The first step of the analysis is “good cause.” As explained in Mathies, the Court has “equated
good cause with the concept of excusable neglect ..., which requires a demonstration of good
faith on the part of the party seeking an enlargement and some reasonable basis for
noncompliance within the time specified in the rules.” Id. (citation omitted). If “good cause” is
shown, the Court must extend the time for service. The second step of the analysis is an exercise
of the Court’s discretion. Even if “good cause” is not shown, the Court may exercise its
discretion to permit a case to proceed. On the other hand, the Court has discretion to dismiss the
case even if refiling is barred by the statute of limitations. MCI Telecommunications Corp. v.

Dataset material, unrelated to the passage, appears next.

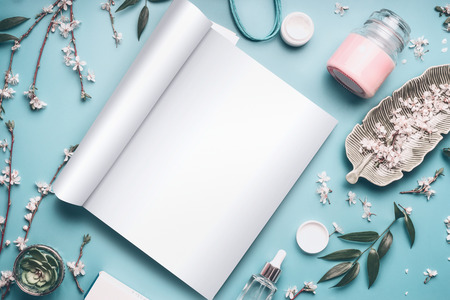 Mock-up of open magazine or catalog for beauty and cosmetic products on pastel blue desktop with twigs and cherry blossom. Modern spring skin care concept, top view, flat lay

Teleconcepts, Inc., 71 F.3d 1086, 1098 (3d Cir. 1995). The factors a court should consider in
exercising its discretion include: (1) the reasonableness of the plaintiff's efforts to make service;
(2) prejudice to the defendant because of untimely service; (3) whether the plaintiff has moved
for an enlargement of time; and (4) whether the statute of limitations will bar the plaintiff's
claims if the action is dismissed. See id. at 1097–98.
The Court concludes that no “good cause” has been shown for the failure to make timely
service. Plaintiff has not articulated any reasonable efforts. Counsel for Plaintiff merely submits
that the delay resulted from his effort to settle the case (which, apparently, consisted of
requesting and receiving a settlement demand) and “apologizes for the delay in service.”
Plaintiff’s Response at 2. Such conduct does not constitute “excusable neglect.” Indeed, the
focus of Plaintiff’s argument is that “even if the Court determines that this was not excusable
neglect, it still has the discretion to extend service.” Id.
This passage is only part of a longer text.